Crunchy Caramel Corn
Skip the movie theater and still indulge your kids' popcorn cravings -- this extra-crunchy version (with some sweetness) will make them applaud right at home.
Photography: José Manuel Picayo Rivera
Everyday Food, October 2007
- Prep Time 10 minutes
- Total Time 1 hour
- Serves 6
- 4 tablespoons butter, plus more for baking sheet
- 10 cups plain unsalted popped (from 1/2 cup kernels or a 3.3-ounce bag microwave popcorn) popcorn
- 1 cup cashews, coarsely chopped (optional)
- 1/2 cup packed light-brown sugar
- Coarse salt
- Preheat oven to 300 degrees. Butter a large rimmed baking sheet; set aside. Place popcorn in a large bowl; if using cashews, add to bowl and toss to combine. Set aside.

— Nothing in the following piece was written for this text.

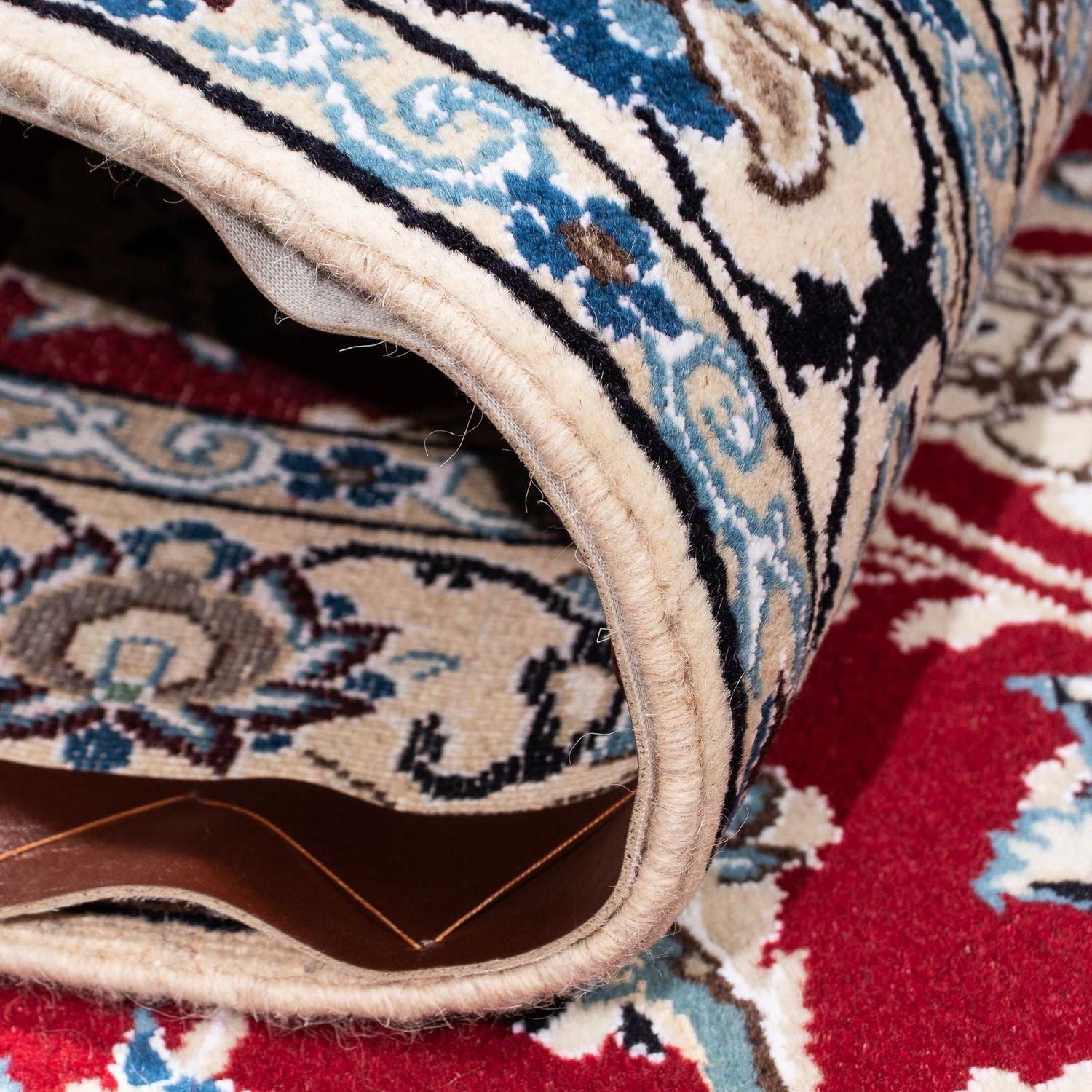 Tappeto Persero - Nain - Reale - 169 x 113 cm - rosso scuro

- In a small saucepan, bring butter, sugar, 1/8 teaspoon salt, and 2 tablespoons water to a boil, stirring constantly. Working quickly, drizzle popcorn with sugar syrup, and toss.
- Spread popcorn evenly on prepared baking sheet. Bake, tossing occasionally, until golden and shiny, about 40 minutes. Transfer hot popcorn to parchment-paper-lined baking sheet; let cool.
Store in airtight container up to 1 week.